Dear Dahlia, Pam, Mark, and the Judge—
This is, amazingly, the 16th year that Dahlia and I have been having this Breakfast Table discussion at the end of the Supreme Court term. It is a great pleasure to be joined by Slate’s always-insightful Mark Joseph Stern, by the brilliant and witty Pam Karlan of Stanford, and the brilliant and acerbic Judge Richard Posner of the 7th U.S. Circuit Court of Appeals.
This year is an unusual one. I can’t remember a final week of the term that appeared so lacking in a major case—something on the order of the rulings on the Affordable Care Act, the Voting Rights Act, or marriage equality of terms past. Appearances can be deceiving, however. You can’t really know how significant a decision might be until you see the opinion. Take the case about whether a religious school is entitled to receive rubberized mats for the playground. It could be decided on narrow grounds. Or it could turn church-state law upside down. We will see. Other cases awaiting decision may reveal the lens through which the justices view the rights of undocumented immigrants.
The most important news of the end of this term may concern two cases the court will not decide until next term. One is the travel ban—President Trump’s first challenge in the Supreme Court. The court will decide at its Thursday conference whether it will grant review of the decisions of the 4th Circuit and the 9th Circuit striking down the ban. It has been widely assumed that the Supreme Court will hear the travel ban cases. I’m not so sure. Georgetown’s Marty Lederman has made such a strong argument that the cases will essentially be moot by the time the court reconvenes next October that the president was forced to amend his executive order in an attempt to keep the cases alive. But we will know by Monday whether the court will hear the cases—and whether it will allow the ban to go into effect pending its resolution of the issue.
The other case set for next term has to do with political gerrymandering.
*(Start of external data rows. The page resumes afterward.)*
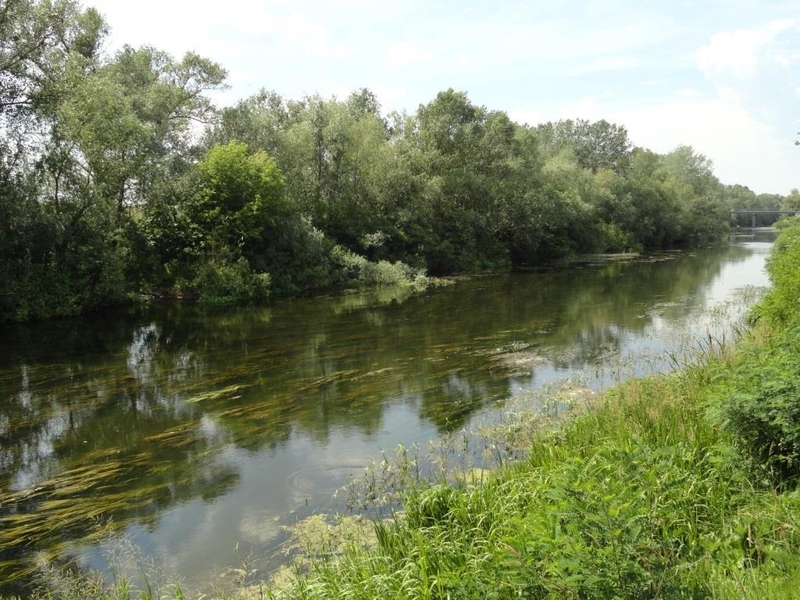 Под застройку 1ГА(100 соток) на берегу реки Орель. - <ro>Изображение</ro><ru>Изображение</ru> #9, <ru>Объявление</ru> #1742551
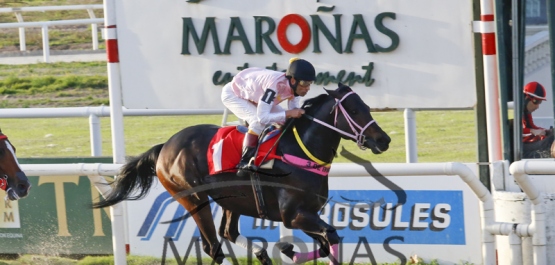 Clásico Reapertura Hipódromo Nacional de Maroñas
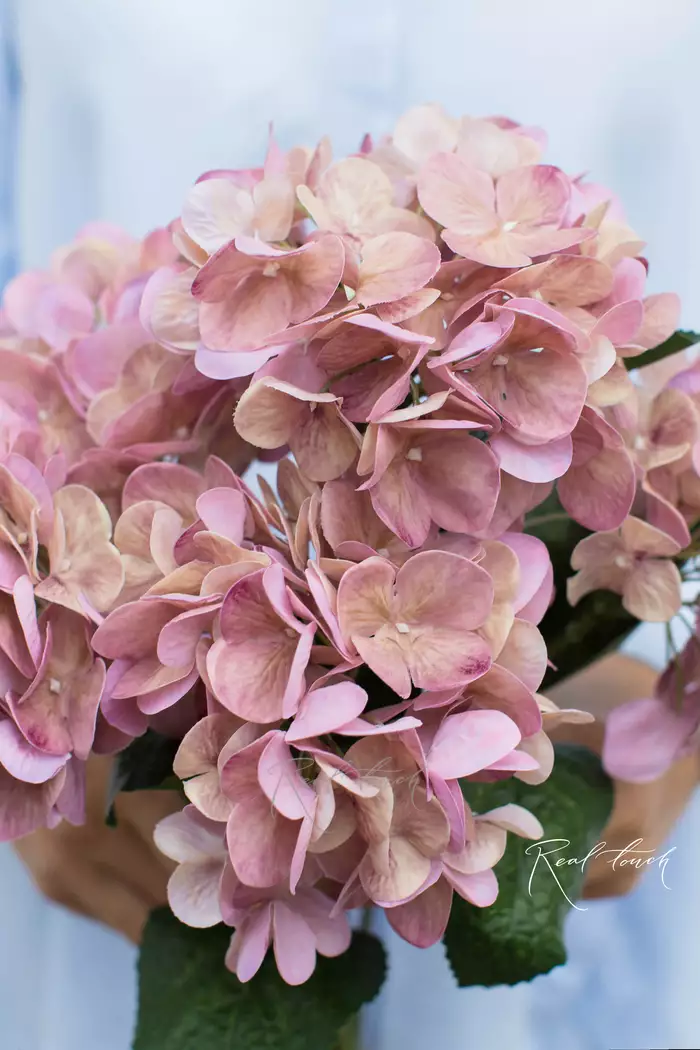 Гортензия кустовая 5 соцветий (вид 2) - Персиково-розовый Гортензия кустовая 5 соцветий (вид 2) - Персиково-розовый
Is it an offense against democracy to have districting maps so distorted that one party is effectively entrenched? That case raises the possibility of restoring a bit of democracy. But when we think of democracy, we must ask whether our undemocratic Supreme Court is part of the solution or part of the problem. Have we come so far from democracy that we no longer deserve to be called by such a name?
Thirty years from now we could be governed by a Supreme Court majority put in place by presidents who were rejected by a majority of voters. One of them would have lost the electoral vote as well if the Florida recount had not been halted, and the other’s victory could conceivably turn out to have been tainted by illegitimate forces, foreign or domestic. George W. Bush, who lost the popular vote by half a million, named two justices. Trump, who lost the popular vote by 3 million, has named one justice and may end up naming three. (Some think Justice Thomas, for starters, will step down in time for Trump to name his successor.) If Trump’s new justices are as nondeferential to the elected branches as some of those who are already on the court, we could see decades of decisions striking down progressive legislation by five justices nominated by “minority” presidents.
The framers of the Constitution, of course, deliberately constructed a government that would check raw majoritarianism. As one delegate to the 1787 Constitutional Convention put it, “The evils we experience flow from the excess of democracy.” That was Elbridge Gerry of Massachusetts. Yes, right, that Gerry, as in gerrymander, a term named after his own oddly shaped state-districting plan.
In our system, judicial review by an independent judiciary is indispensable. Has it been, on balance, a good thing?
As China’s Premier Zhou Enlai said (perhaps apocryphally) in the 1970s when asked his assessment of the French Revolution, “It’s too early to say.”
We will learn a little bit more this week.